DATASET EXTRACT
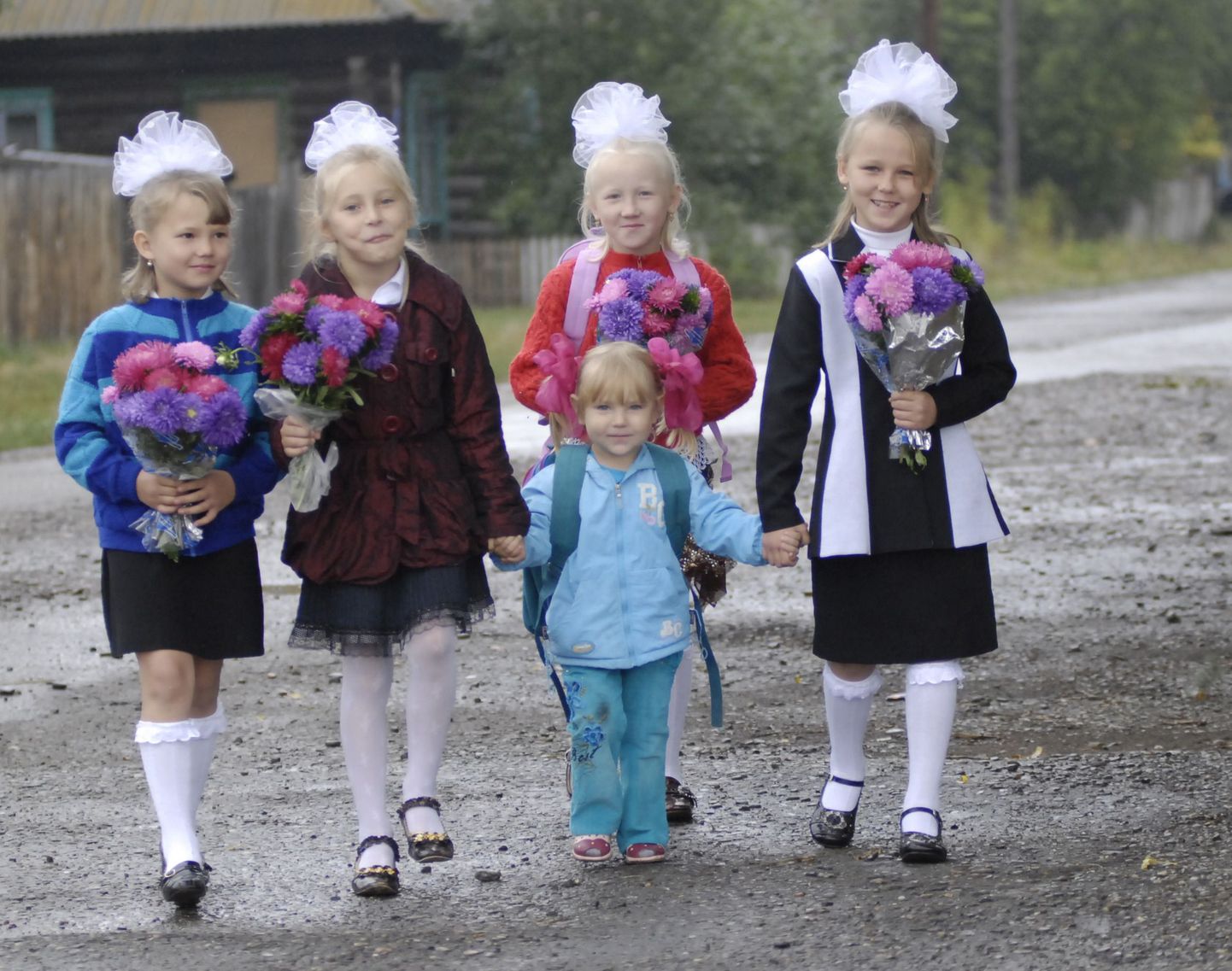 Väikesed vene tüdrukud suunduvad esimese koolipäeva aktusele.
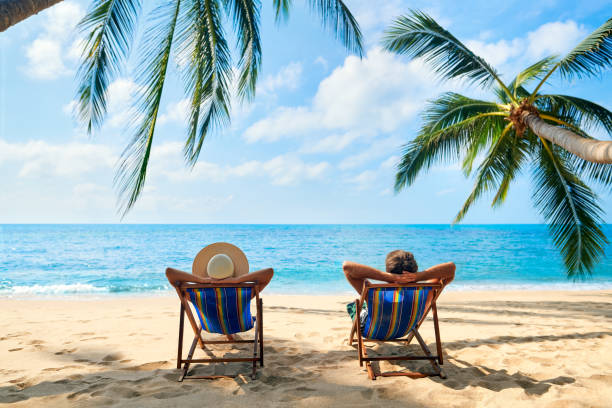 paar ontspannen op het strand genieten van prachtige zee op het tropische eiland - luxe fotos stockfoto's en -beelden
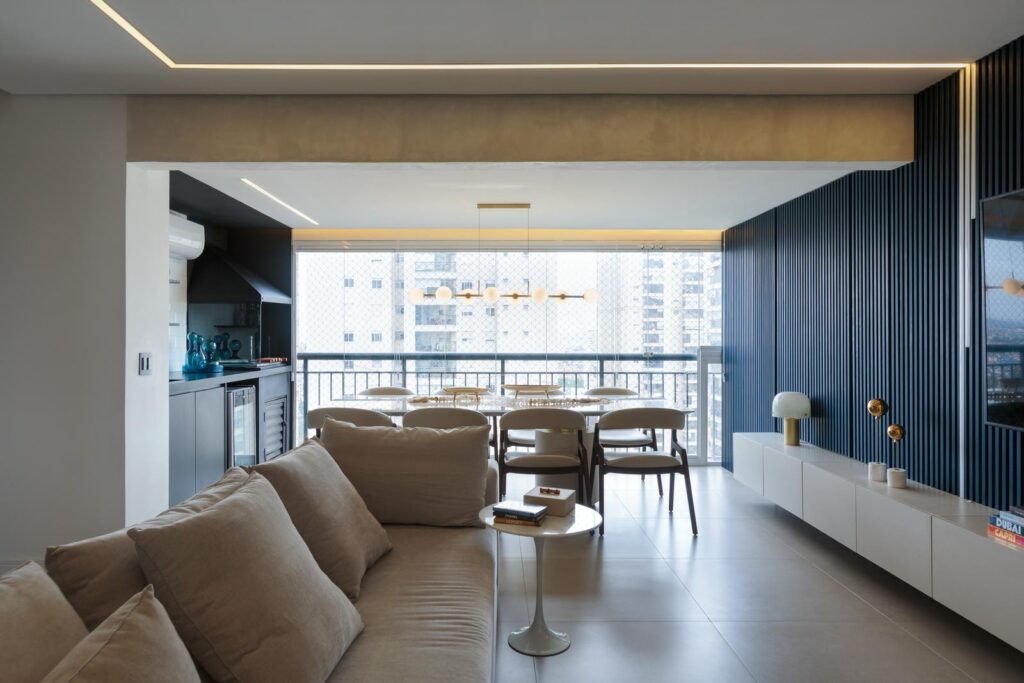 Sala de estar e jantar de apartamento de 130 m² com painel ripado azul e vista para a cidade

ASSIGNED TASK
Repeat the data exactly in full, omitting its pictures.

WRITTEN REPLY
 Väikesed vene tüdrukud suunduvad esimese koolipäeva aktusele.
 paar ontspannen op het strand genieten van prachtige zee op het tropische eiland - luxe fotos stockfoto's en -beelden
 Sala de estar e jantar de apartamento de 130 m² com painel ripado azul e vista para a cidade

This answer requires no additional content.